Creating Undo for Operators: A Human-Centric Approach to Recovery 

 Nearly every productivity application on the market today offers its users the ability to undo their actions, allowing them to recover from their mistakes and to experiment with unfamiliar features in a forgiving environment.  Surprisingly, this safety net of undo is virtually nonexistent in the domain of systems operations and management, where human error is the largest single contributor to system and service outages.  This talk will address the challenge of creating an undo facility for system operators, introducing an architecture for adding operator-undo functionality as a wrapper around existing network service applications such as electronic mail, online shopping, and auction services.

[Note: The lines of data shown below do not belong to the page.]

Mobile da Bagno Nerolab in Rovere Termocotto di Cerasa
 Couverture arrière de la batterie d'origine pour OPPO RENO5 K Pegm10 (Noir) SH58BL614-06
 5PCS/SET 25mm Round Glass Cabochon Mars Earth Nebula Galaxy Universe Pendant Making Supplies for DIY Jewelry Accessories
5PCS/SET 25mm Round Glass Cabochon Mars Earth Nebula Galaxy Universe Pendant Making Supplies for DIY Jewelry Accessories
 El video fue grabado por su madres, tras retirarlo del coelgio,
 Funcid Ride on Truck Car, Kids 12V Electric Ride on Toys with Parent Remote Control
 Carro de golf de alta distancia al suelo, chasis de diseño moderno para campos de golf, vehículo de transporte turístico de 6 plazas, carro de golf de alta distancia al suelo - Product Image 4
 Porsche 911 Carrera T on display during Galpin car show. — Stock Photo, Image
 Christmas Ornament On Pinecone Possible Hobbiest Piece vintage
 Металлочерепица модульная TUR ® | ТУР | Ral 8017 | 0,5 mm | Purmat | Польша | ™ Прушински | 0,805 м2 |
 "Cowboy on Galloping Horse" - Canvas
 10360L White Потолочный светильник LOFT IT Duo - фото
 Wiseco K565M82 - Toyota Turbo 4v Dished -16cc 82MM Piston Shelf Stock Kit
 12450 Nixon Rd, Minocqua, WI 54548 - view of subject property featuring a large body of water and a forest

Our operator-undo architecture leverages proven techniques from the systems and database domains, including non-overwriting storage, redo recovery, proxy-based logging of user requests, and predicate-based consistency management.  It adapts and integrates these techniques to provide a recovery tool that offers a virtual time-travel interface to the system operator.  Using our undo system, an operator can rewind system state to nullify the effects of human error, software misbehavior, or external attack; can retroactively insert arbitrary changes into the system to repair the problem or forestall future occurrences; and can replay the system forward in time, merging the original system timeline with the retroactively-inserted repairs and compensating for any inconsistencies that arise as a result.

A human-centric recovery tool like operator-undo requires an evaluation methodology that captures the influence of its human users on its effectiveness. To that end, the talk will also introduce an evaluation methodology that combines traditional systems benchmarking and human studies techniques, and will describe how we are using this methodology to evaluate the dependability and recovery benefits offered by a prototype implementation of operator-undo for an e-mail store service.